Website Fingerprinting Dataset of Browsing Network Traffic for Desktop and Mobile Webpages

Name: Website Fingerprinting Dataset of Browsing Network Traffic for Desktop and Mobile Webpages
Creator: Mohamad Amar Irsyad Mohd Aminuddin
License: https://creativecommons.org/licenses/by/4.0/
Keywords: Security

Citation Author(s):: Mohamad Amar Irsyad Mohd Aminuddin (Universiti Sains Malaysia)

Zarul Fitri Zaaba (Universiti Sains Malaysia)
Submitted by:: Mohamad Amar Irsyad Mohd Aminuddin
Last updated:: Mon, 10/21/2024 - 18:57
DOI:: 10.21227/8drg-rn32

1240 views

Categories:

Security

Keywords:

Security; Privacy; Traffic Analysis; Website Fingerprinting

ACCESS DATASET CITE

Abstract

This is a dataset of Tor cell file extracted from browsing simulation using Tor Browser. The simulations cover both desktop and mobile webpages. The data collection process was using WFP-Collector tool (https://github.com/irsyadpage/WFP-Collector). All the neccessary configuration to perform the simulation as detailed in the tool repository.

The webpage URL is selected by using the first 100 website based on: https://dataforseo.com/free-seo-stats/top-1000-websites.

Each webpage URL is visited 90 times for each deskop and mobile browsing mode.

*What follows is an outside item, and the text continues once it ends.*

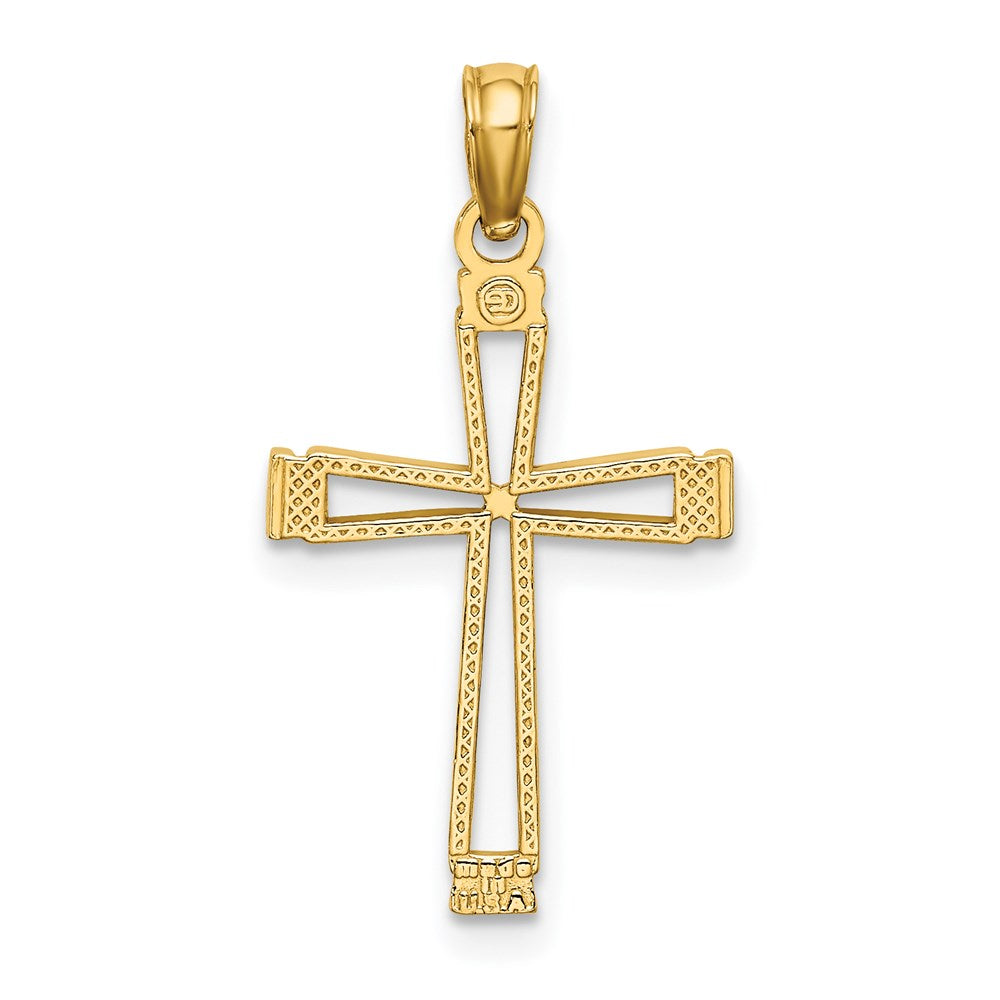14K Gelbgold Ausgeschnitten Kreuz Anhänger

The captured network traffic are then extracted into Tor cell without SENDMEs removal. Each of the Tor cell file contains the network request and response traces with the relavant timestamp.

Instructions:

The files naming scheme are "X-Y.cell" where "X" is the webpage URL and "Y" is the instance number. Both desktop and mobile datasets has the same webpage URL to ensure comparable content.
Each files contains list of timestamp and cell directions for each webpage instance.

To read the file:
1. Choose the folder "desktop" or "mobile".
2. On the chosen folder, iterate each files.
3. Use the class number and the instance number from the file name to determine appropriate data ingestion process (e.g. feature selection or feature extraction).
4. On each file, iterate each lines to read the timestamp, cell size (in this case is 1), and cell direction.